[Activity]: Output exactly, and only, the lines below from the one with "1956 Bell Telephone" down to the one with "Portable 8-Compartment Sealed". Include both end lines and no pictures.

[Information given]:
____________________

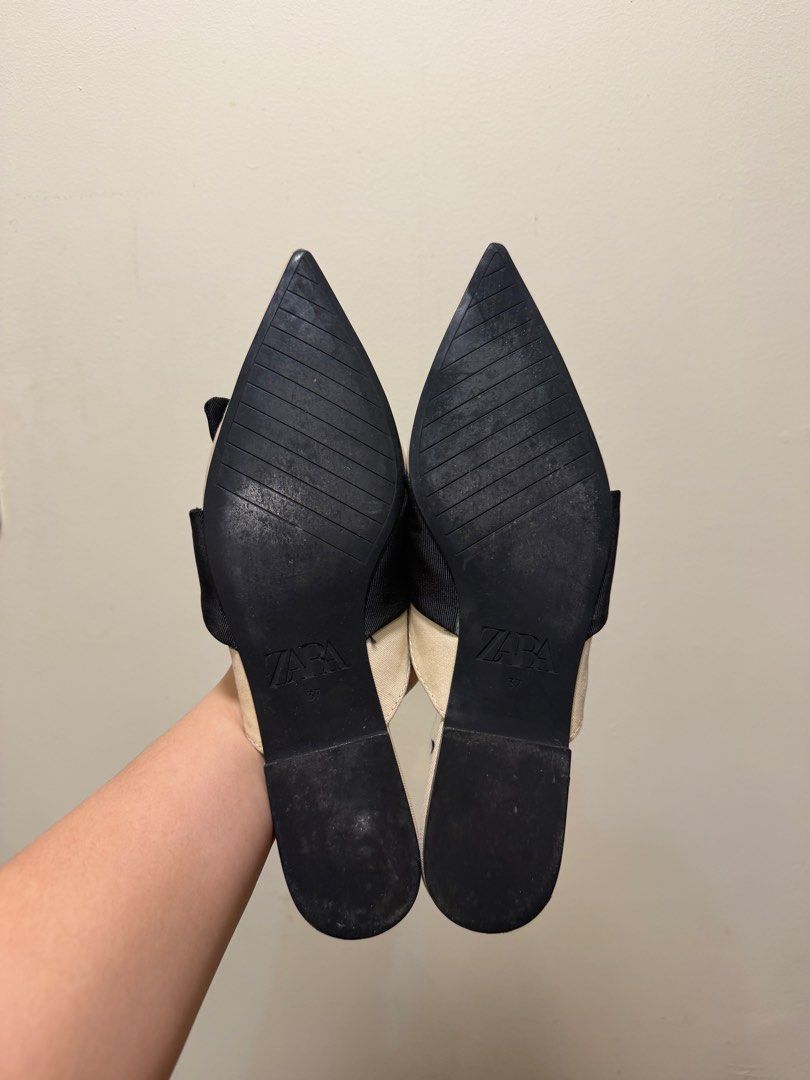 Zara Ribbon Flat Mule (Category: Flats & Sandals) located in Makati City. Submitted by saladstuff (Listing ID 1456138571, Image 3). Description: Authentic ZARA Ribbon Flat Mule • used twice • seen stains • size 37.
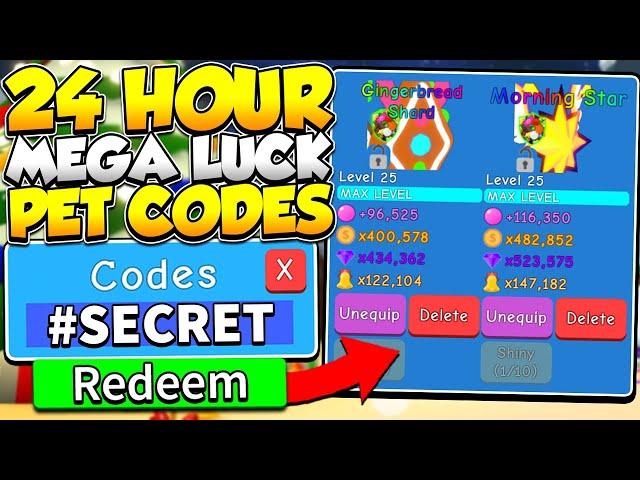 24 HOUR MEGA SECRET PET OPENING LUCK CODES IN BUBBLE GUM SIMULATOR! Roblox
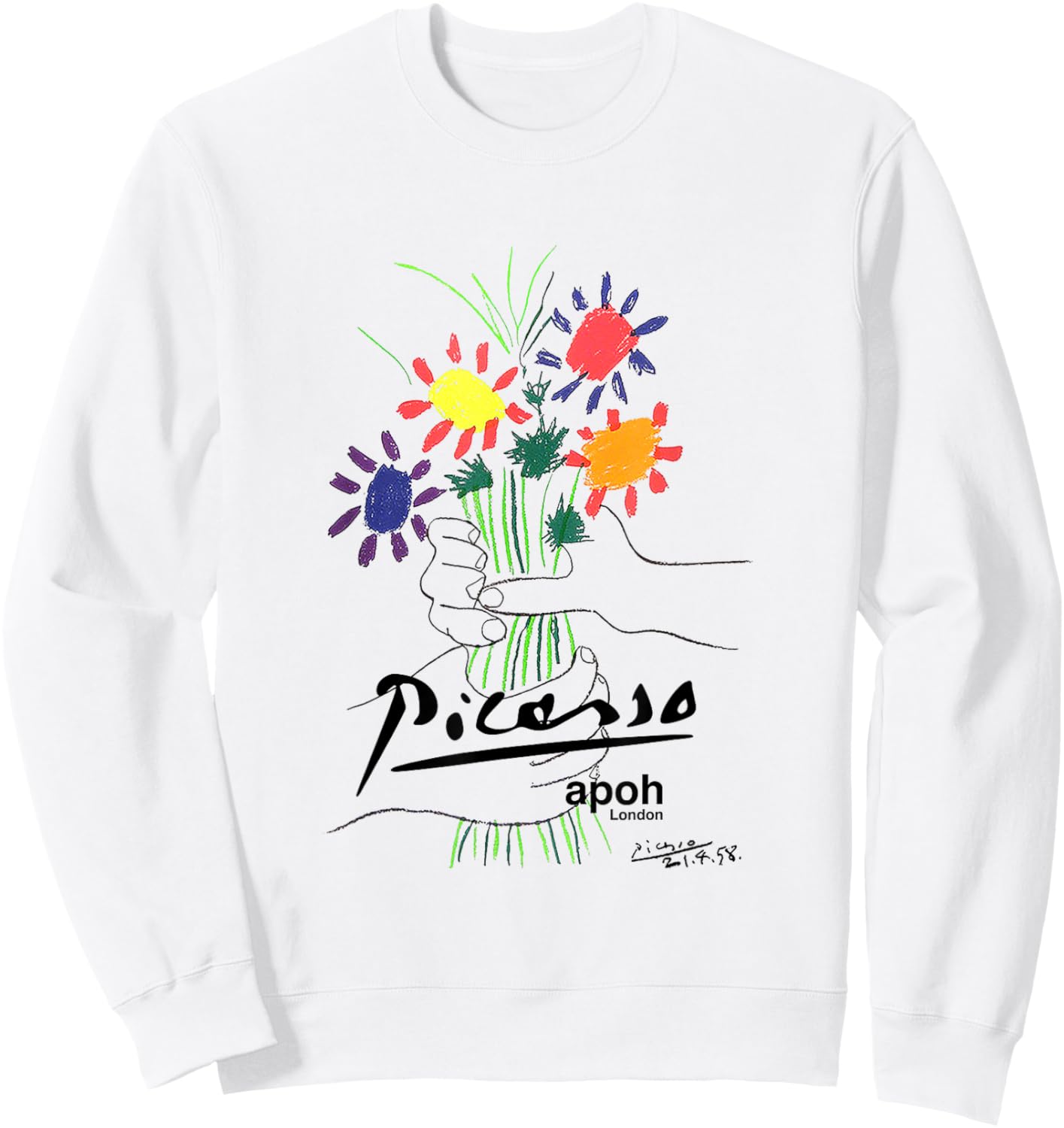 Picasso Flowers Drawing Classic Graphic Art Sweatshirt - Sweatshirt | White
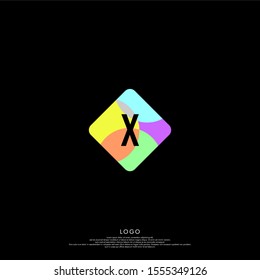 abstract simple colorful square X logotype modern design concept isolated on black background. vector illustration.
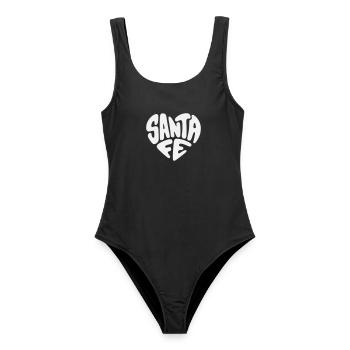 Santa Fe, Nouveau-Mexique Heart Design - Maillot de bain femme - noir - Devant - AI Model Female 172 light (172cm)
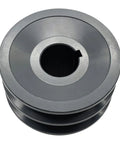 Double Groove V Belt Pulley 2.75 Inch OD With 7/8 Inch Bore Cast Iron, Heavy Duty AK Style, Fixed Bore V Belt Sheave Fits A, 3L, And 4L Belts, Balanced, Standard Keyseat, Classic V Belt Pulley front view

____________________

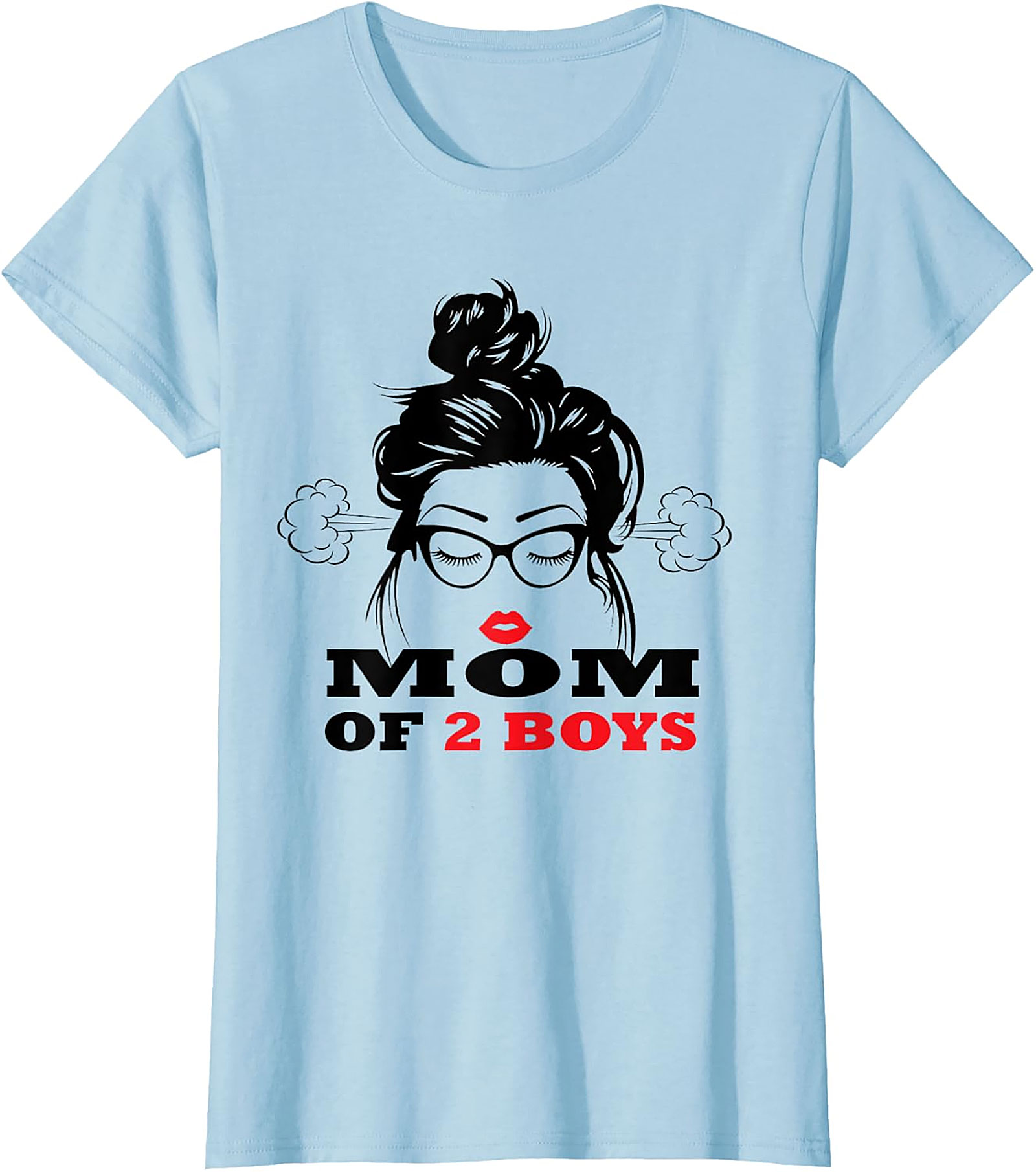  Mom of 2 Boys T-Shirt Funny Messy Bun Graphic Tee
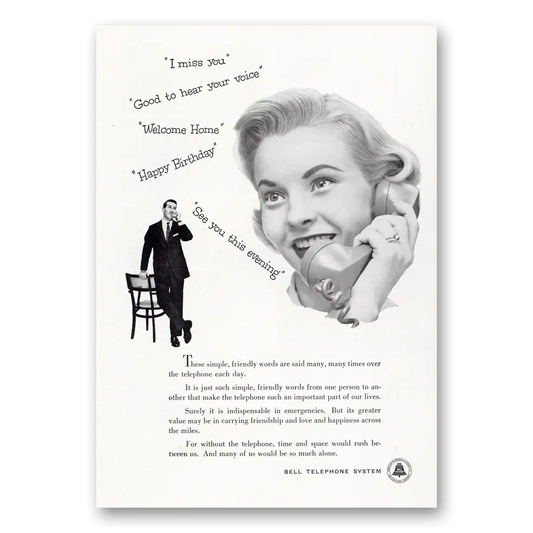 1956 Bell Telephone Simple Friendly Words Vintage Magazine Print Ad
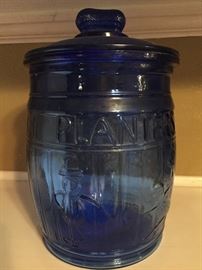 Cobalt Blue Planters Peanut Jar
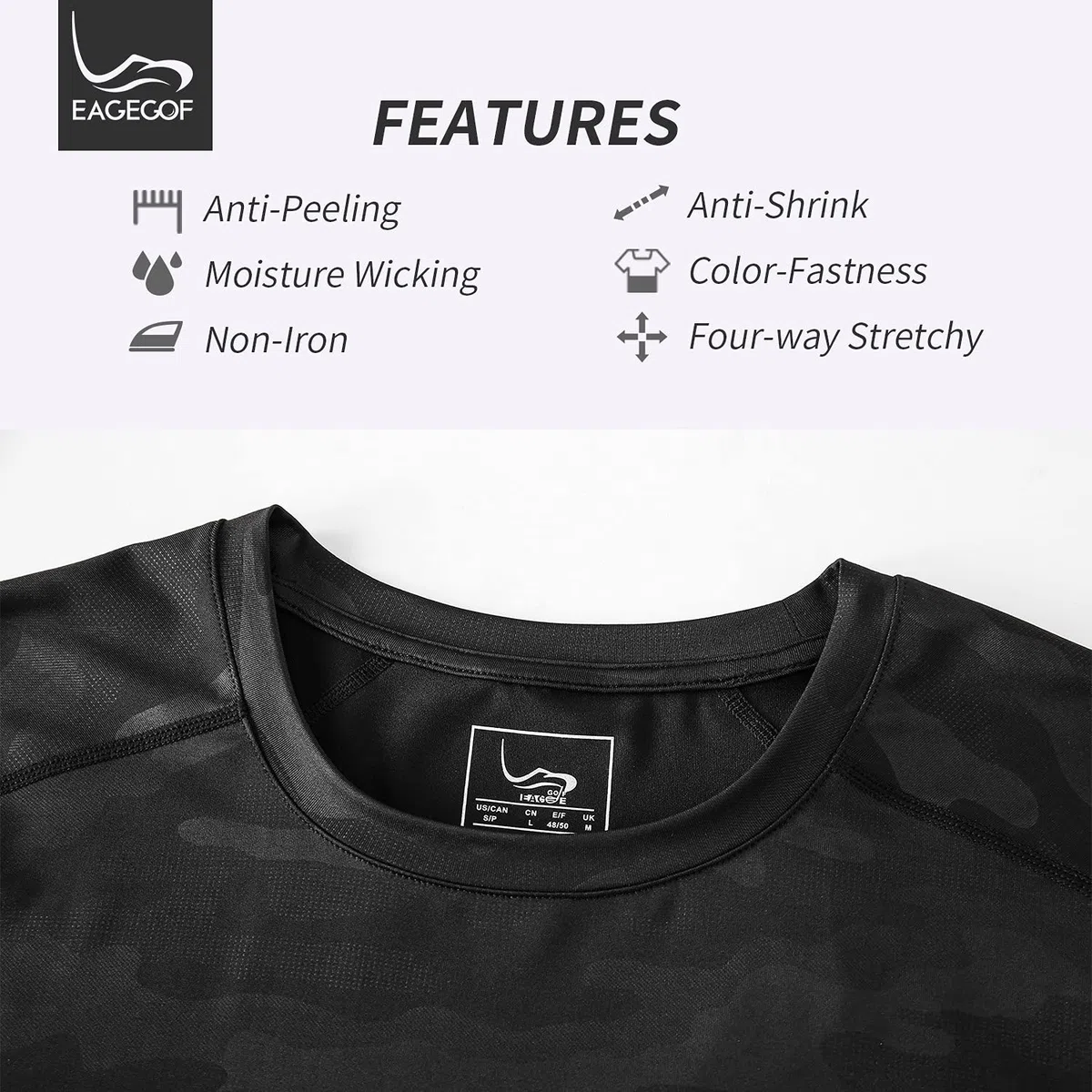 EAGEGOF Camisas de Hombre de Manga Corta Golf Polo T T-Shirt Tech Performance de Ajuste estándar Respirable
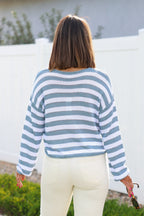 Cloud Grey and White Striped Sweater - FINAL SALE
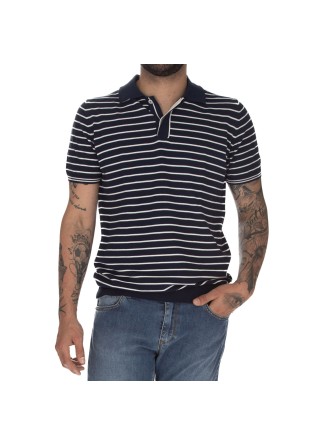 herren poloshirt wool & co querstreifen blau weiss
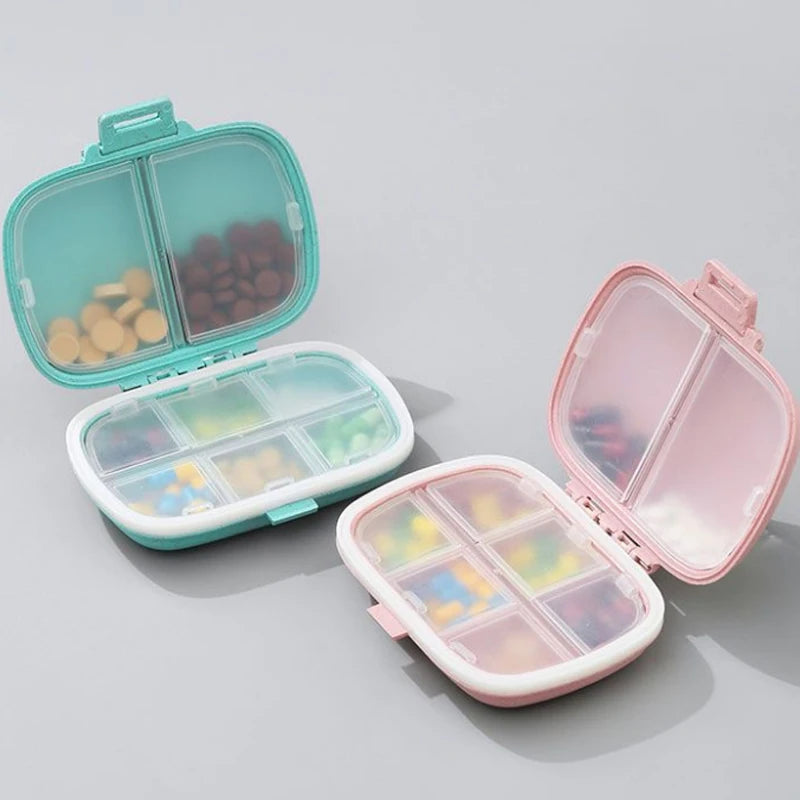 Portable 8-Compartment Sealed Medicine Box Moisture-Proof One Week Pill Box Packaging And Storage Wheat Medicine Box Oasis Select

____________________

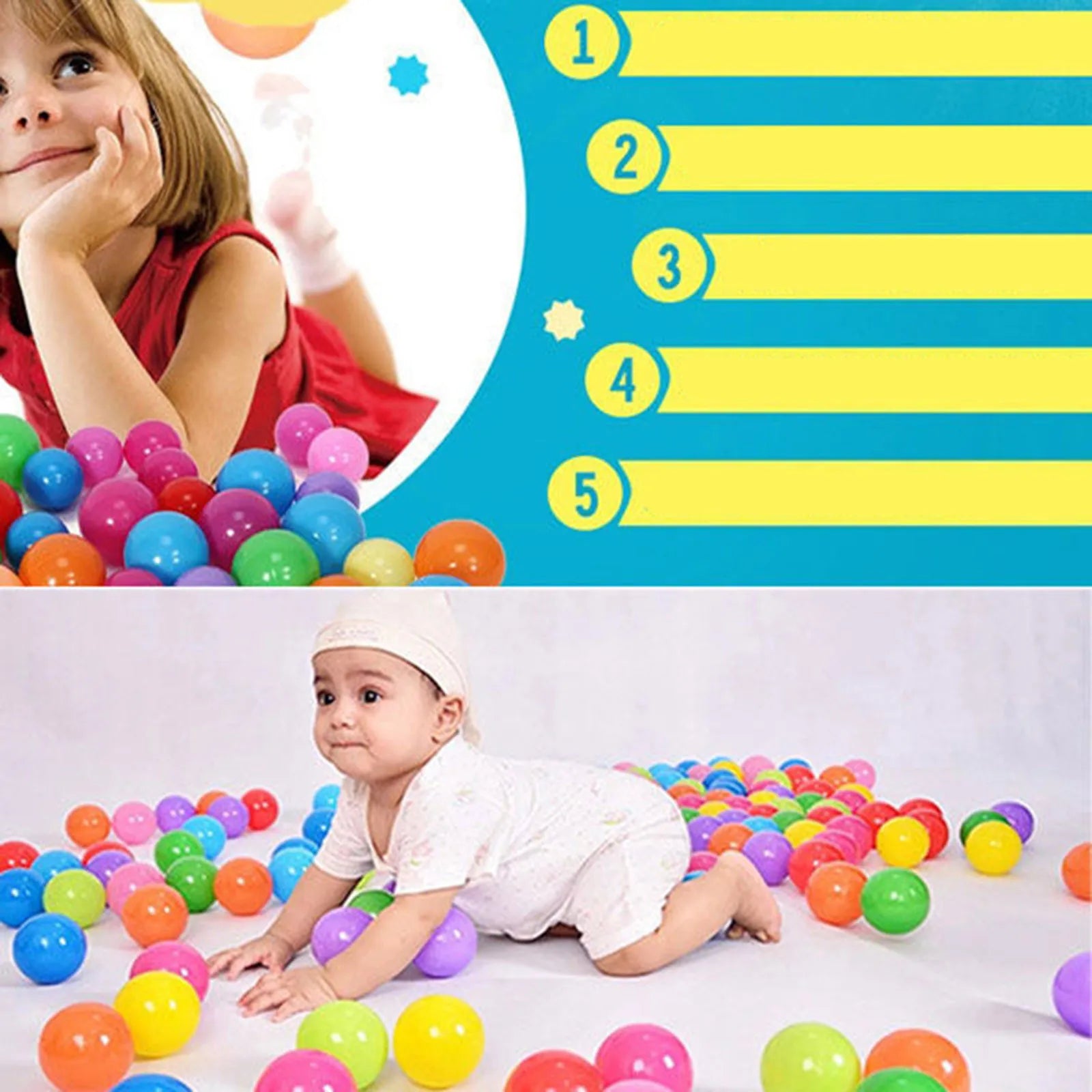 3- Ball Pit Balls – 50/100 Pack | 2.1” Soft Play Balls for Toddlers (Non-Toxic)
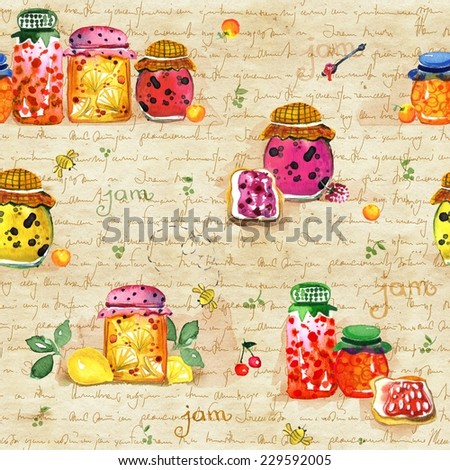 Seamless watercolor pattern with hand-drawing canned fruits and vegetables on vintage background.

____________________

[Response]:
 1956 Bell Telephone Simple Friendly Words Vintage Magazine Print Ad
 Cobalt Blue Planters Peanut Jar
 EAGEGOF Camisas de Hombre de Manga Corta Golf Polo T T-Shirt Tech Performance de Ajuste estándar Respirable
 Cloud Grey and White Striped Sweater - FINAL SALE
 herren poloshirt wool & co querstreifen blau weiss
 Portable 8-Compartment Sealed Medicine Box Moisture-Proof One Week Pill Box Packaging And Storage Wheat Medicine Box Oasis Select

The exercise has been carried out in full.